Bahwa dunia global begini memang gak bisa lagi terlepas dari cengkeraman intrik, propaganda, lobi, argumentasi, dan intimidasi, termasuk perihal merokok. "You can't hide the truth, but you can filter it", adalah tagline cerdas mewakili film dialog Thank You For Smoking. Merokok dapat mewakili karakter hitam – putihnya manusia, mereka sanggup membuatnya ada lantas sibuk meniadakan. Disitulah terjadi mekanisme proses berupa antar pelaku kegiatan yg sebetulnya dibutuhkan entah berupa argumentasi hingga propaganda, namun selalu menjadi korban adalah pasar berupa produk "ada" dan "tidak". Lalu agar proses tadi selalu terlihat sibuk dan penting, ditambahkan unsur candu supaya ketagihan untuk kemudian berlakulah intimidasi. Merokok hanyalah contoh pembuka nan sederhana, selanjutnya boleh diterapkan pada dua topik yg kutawarkan di atas yakni agama dan sepak bola. Agar lebih meyakinkan, ada kata kunci bernama "Divine Kretek", memiliki kandungan utama protein dan asam amino untuk berperan penting mengganti sel tubuh yg mati. Produk rokok hasil rangkaian penelitian yg dapat memperbaiki kualitas hidup penderita berbagai penyakit degenerative seperti kanker, stroke, alzheimer, gagal ginjal, hepatitis, bahkan autis, adalah kampanye jitu sekaligus telak dalam memukul isu pamungkas berupa pendukung hidup sehat.

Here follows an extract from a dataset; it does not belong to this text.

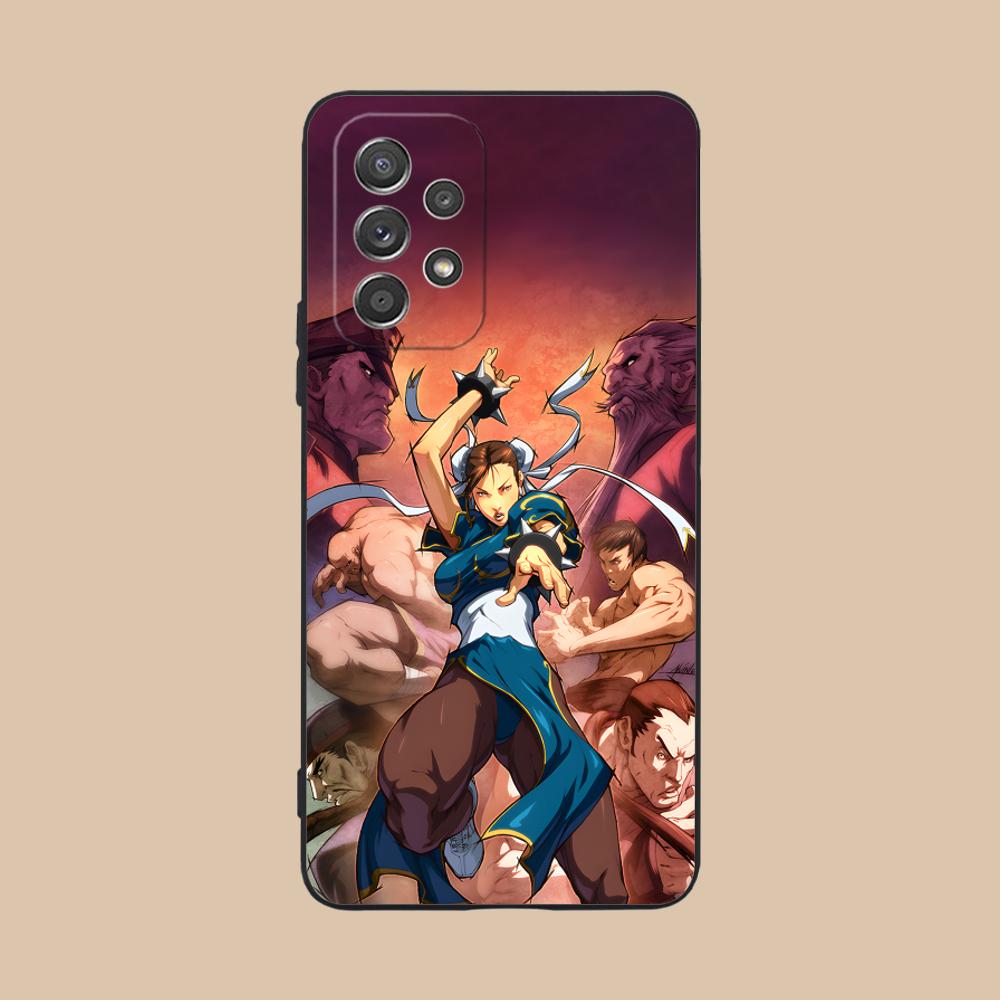 Street Fighter Chunli Phone Case for Samsung Galaxy M55 54 42 35 34 33 32 23 22 15 14 13 12 F55 5G Colorful Cover Cover Pretty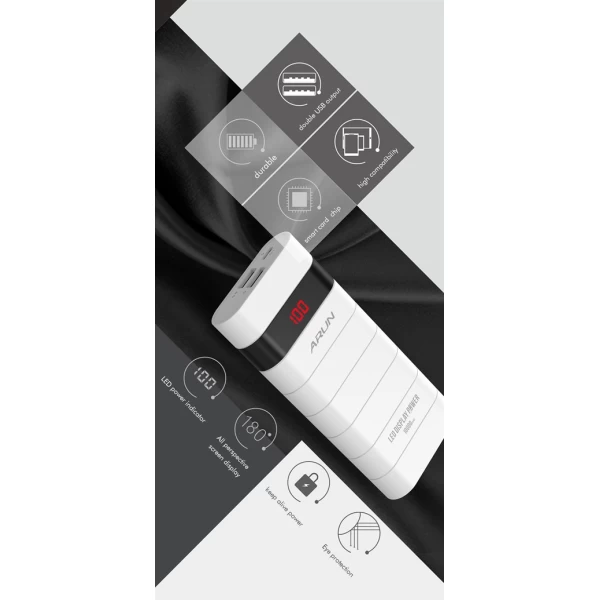 پاوربانک 10000 میلی آمپر آرون ARUN Joyful Y305D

Sementara Nick Naylor (Aaron Eckhart) sang pemeran utama film akhirnya "dipaksa" meninggalkan bisnis Merchant of Death (Rokok, Alkohol, dan Pistol), untuk melanjutkan bakatnya sbg konsultan industri selular (hand phones) yg antara lain memerangi isu kangker otak termasuk kampanye keamanan tetap menyalakan hp di pesawat terbang. Itulah nafas kehidupan sesungguhnya, merokok maupun tidak. Dan aku memang perokok, bukan atheis, hanya penggemar sepak bola .. carpe diem. Michael Jordan plays ball, Charles Manson kills people, and .. I talk. Everyone has a talent. I don't sell Tic Tacs, I sell cigarettes, and they're cool, available, and .. addictive. The job is almost done for us.